■ What needs to be done ■
Line by line, repeat the data below exactly, beginning at the first line and ending at the line with "YEAHOME Garden Decor". Omit pictures.

■ Provided records ■

-------------------------

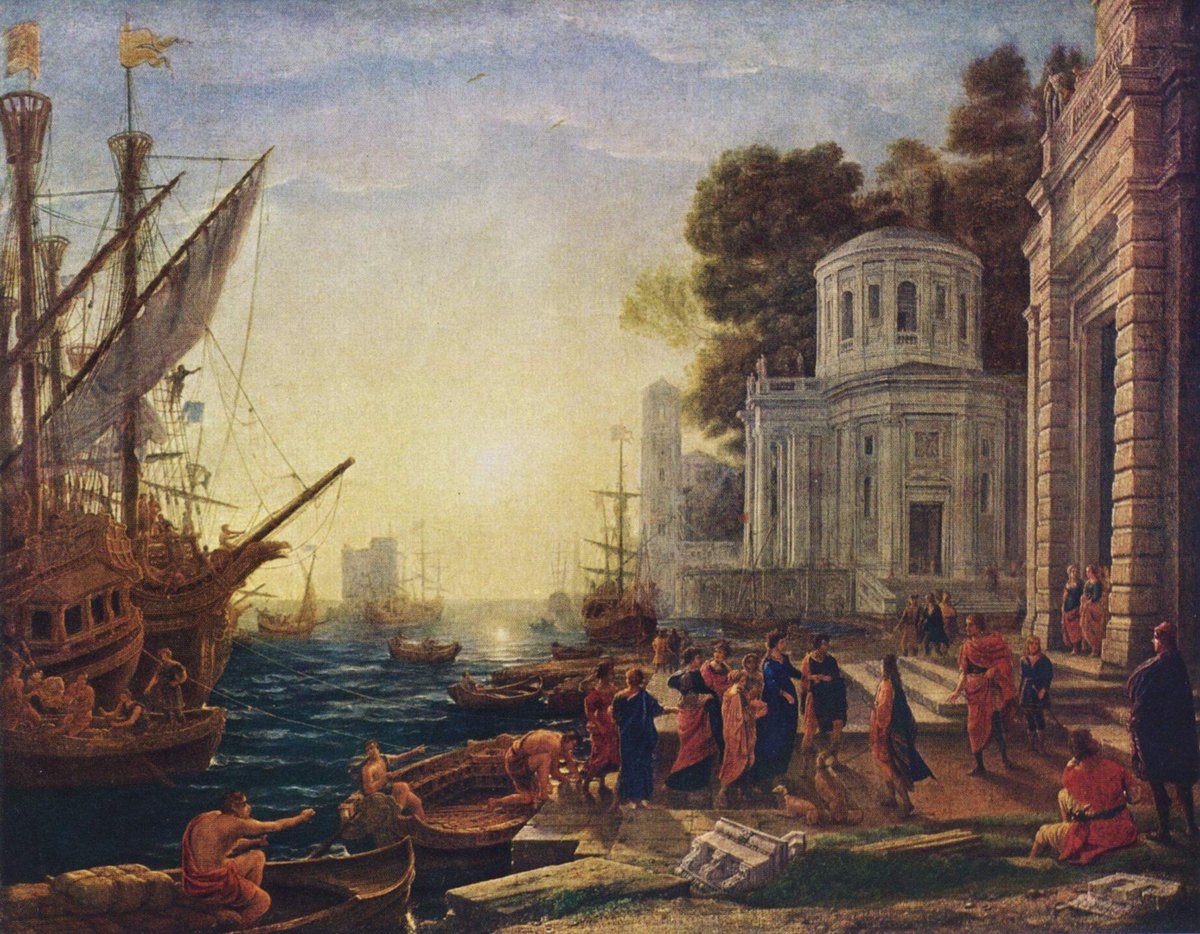 Cleopatra Disembarking at Tarsus, 1642 #claudelorrain #lorrain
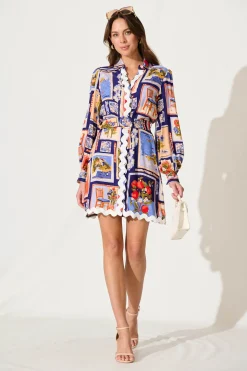 Discount PRE ORDER Amico Dress In Blue Multi Postcard Print Dresses|Casual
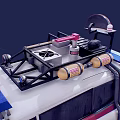White Ghostbusters Car With Roof Equipment Lights Antenna And Red Stripes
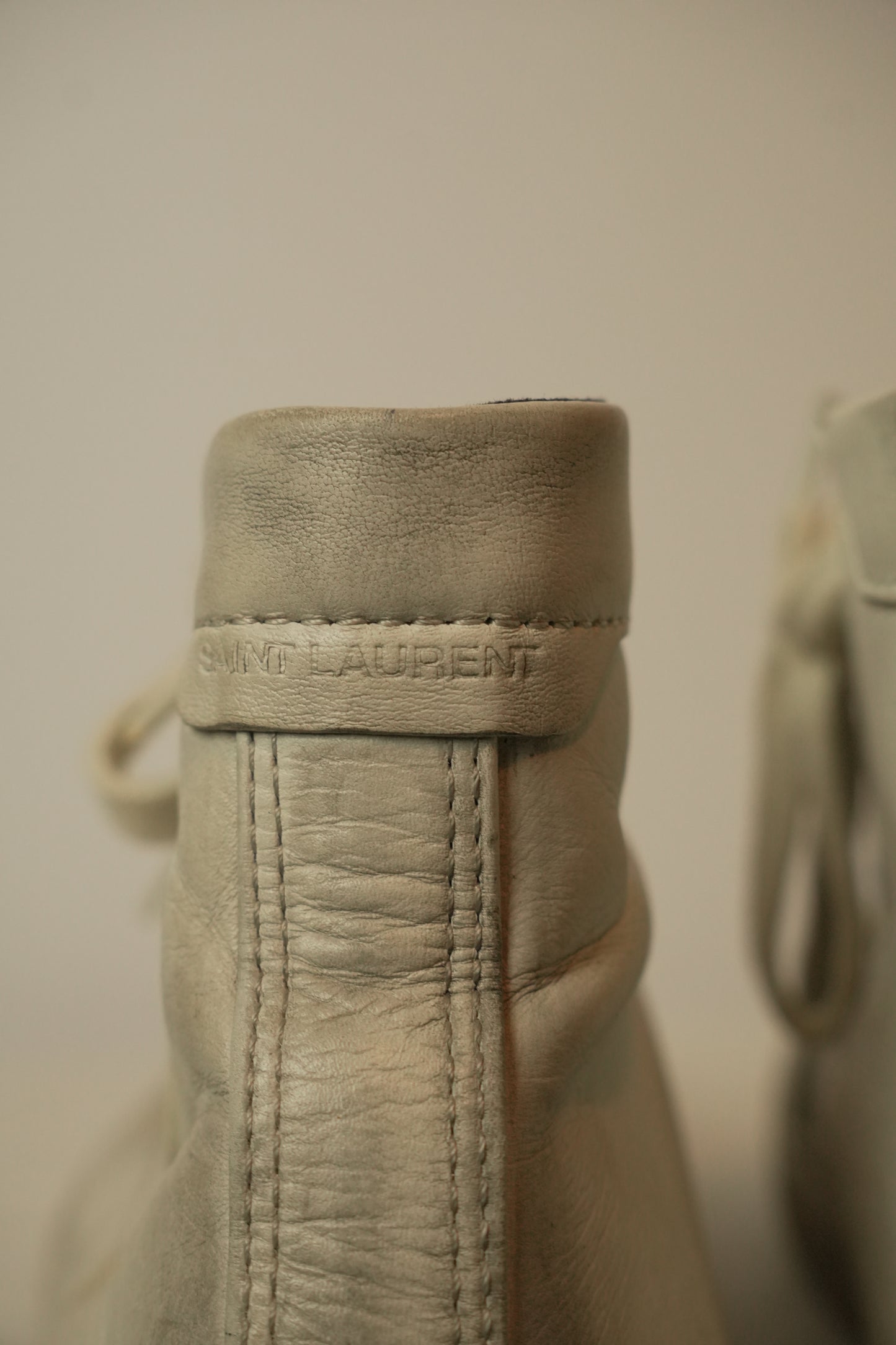 Saint Laurent High Top Distressed Leather Sneakers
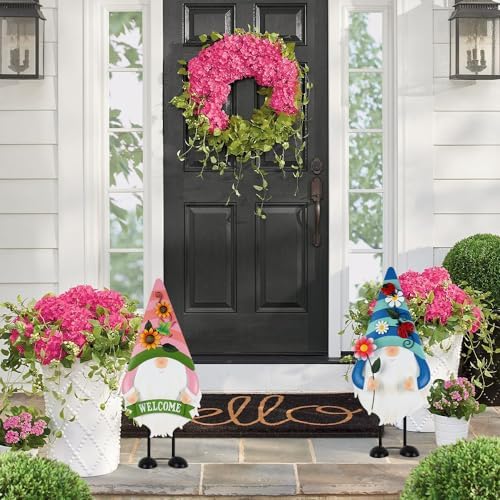 YEAHOME Garden Decor for Outside, Set of 2 Gnomes 23.6" Metal Porch Standings for Yard Decorations Outdoor, Spring Welcome Home Porch Sign for Outdoor Front Door Garden Lawn Backyard (Blue, Pink) 7 51tojRbDgGL. AC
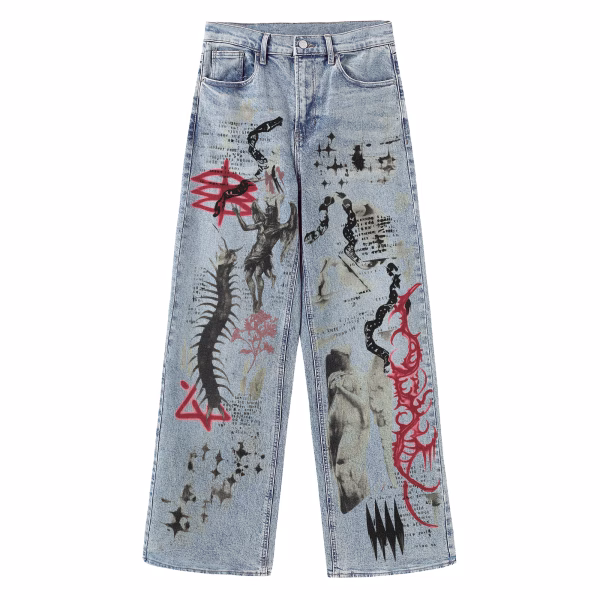 Gothic Chaos Mythology Art Printed Denim Jeans by JR JEANIUS WEAR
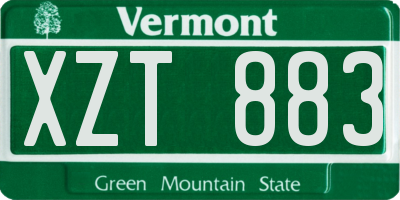 VT license plate XZT883
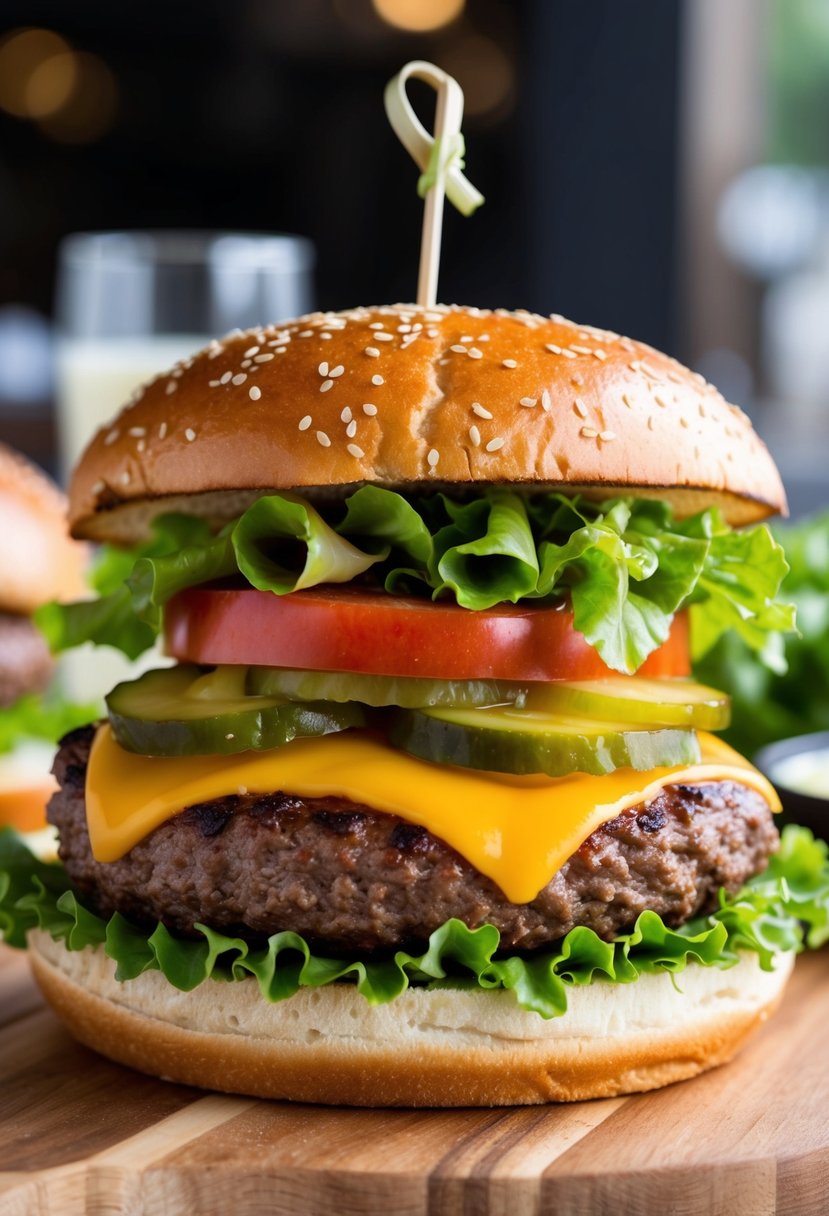 A juicy beef patty topped with melted cheese, lettuce, tomato, and pickles, sandwiched between a sesame seed bun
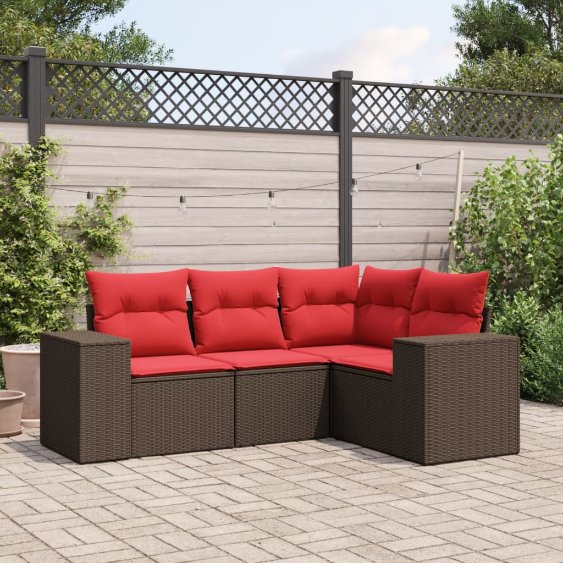 4-teiliges Gartensofa-Set mit Kissen, braun, Polyrattan 4-teiliges Gartensofa-Set mit Kissen, braun, Polyrattan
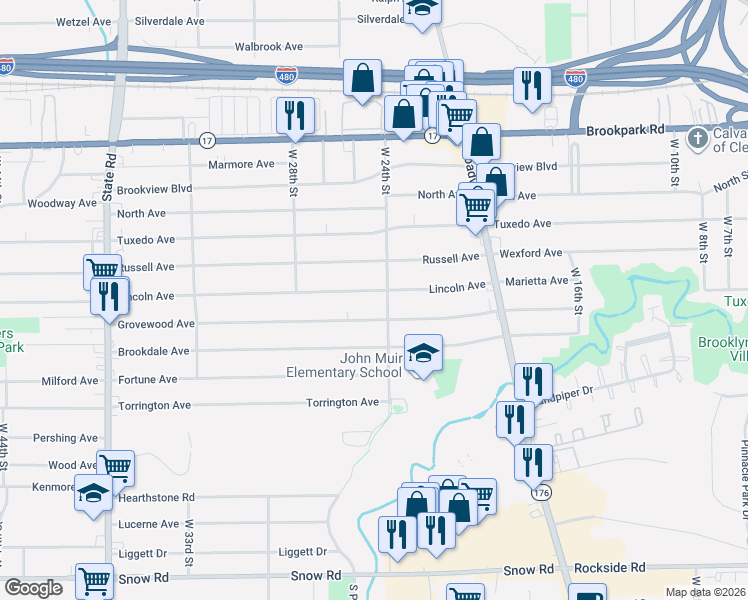 map of restaurants, bars, coffee shops, grocery stores, and more near 2414 Grovewood Avenue in Parma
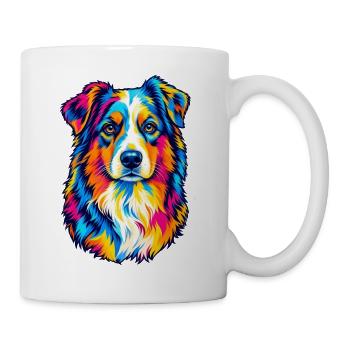 Bunter Australian Shepherd – Pop-Art-Aussie-Hund - Tasse - Weiß - Rechts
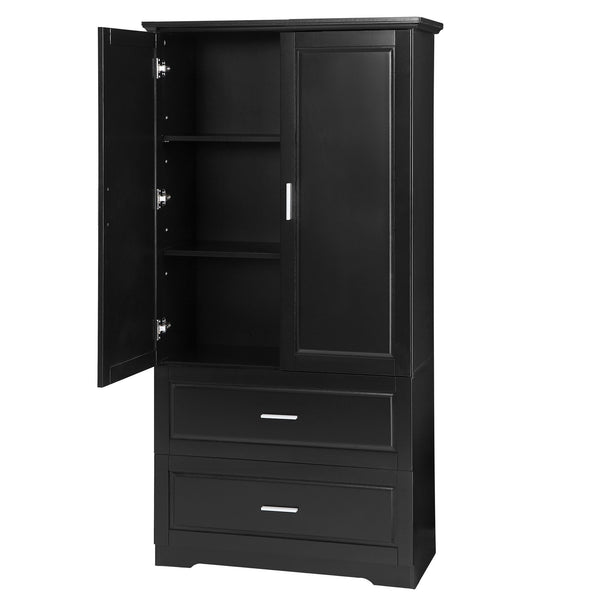 English Elm Tall Bathroom Storage Cabinet – Slim Black MDF Organizer with 2 Doors, 2 Drawers, Adjustable Shelves, Anti-Tip Device N725P172882B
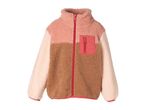 Kids' color block fleece jacket in pink, brown, and cream with a red zipper and pocket.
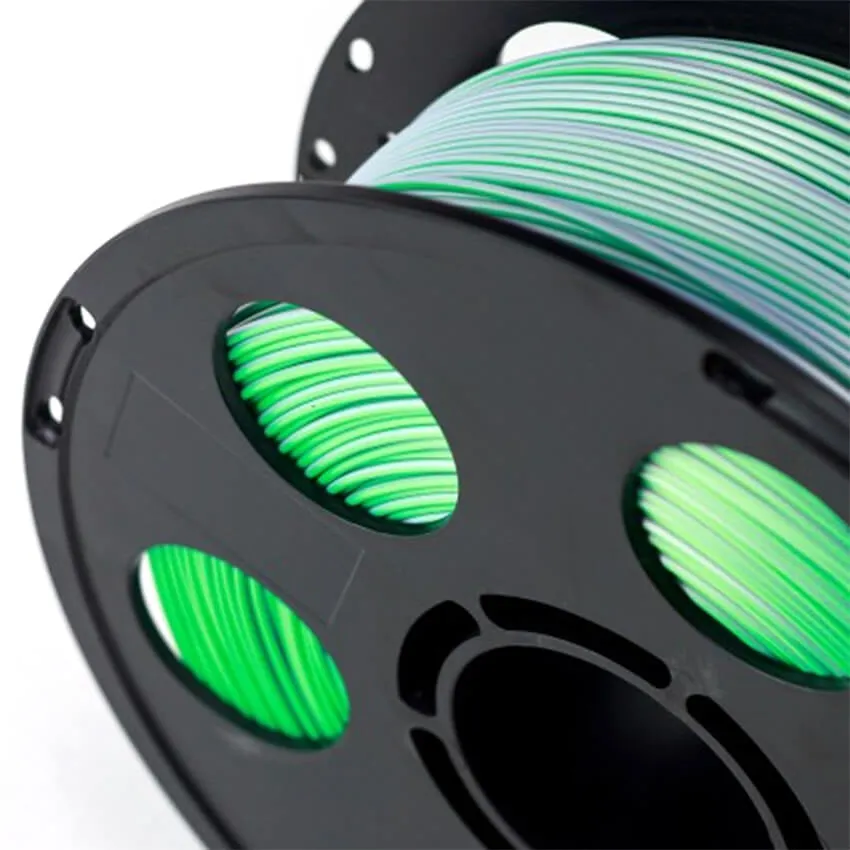 Катушка трёхцветного PLA-шелк  пластика Bestfilament 1.75 мм 1кг., синий-зеленый-серебро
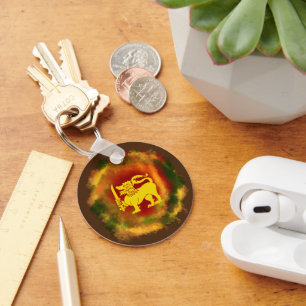 Sri Lanka Flag Lion Design Schlüsselanhänger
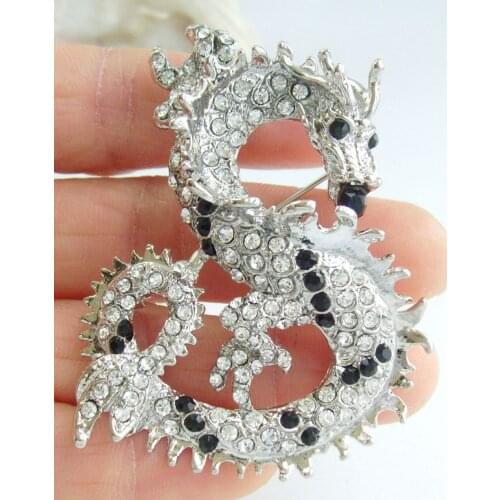 Unique Chinese Dragon Brooch Pin Pendant Clear Black Rhinestone Crystal EE02980C8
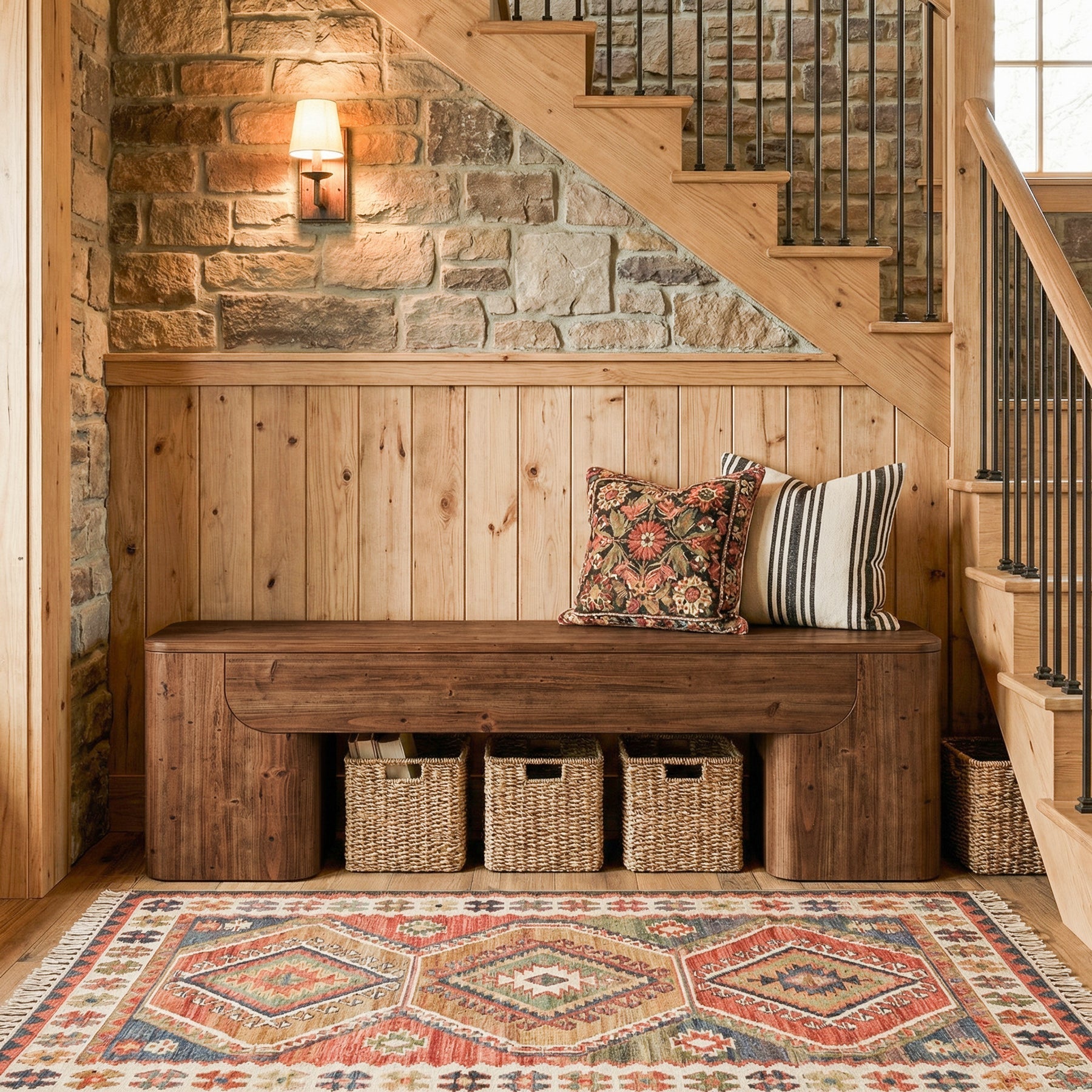 59" Solid Wood Bench, Rustic Heavy Duty Entryway Bench with Sturdy Legs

-------------------------

■ Solution to the exercise ■
 Cleopatra Disembarking at Tarsus, 1642 #claudelorrain #lorrain
 Discount PRE ORDER Amico Dress In Blue Multi Postcard Print Dresses|Casual
White Ghostbusters Car With Roof Equipment Lights Antenna And Red Stripes
 Saint Laurent High Top Distressed Leather Sneakers
 YEAHOME Garden Decor for Outside, Set of 2 Gnomes 23.6" Metal Porch Standings for Yard Decorations Outdoor, Spring Welcome Home Porch Sign for Outdoor Front Door Garden Lawn Backyard (Blue, Pink) 7 51tojRbDgGL. AC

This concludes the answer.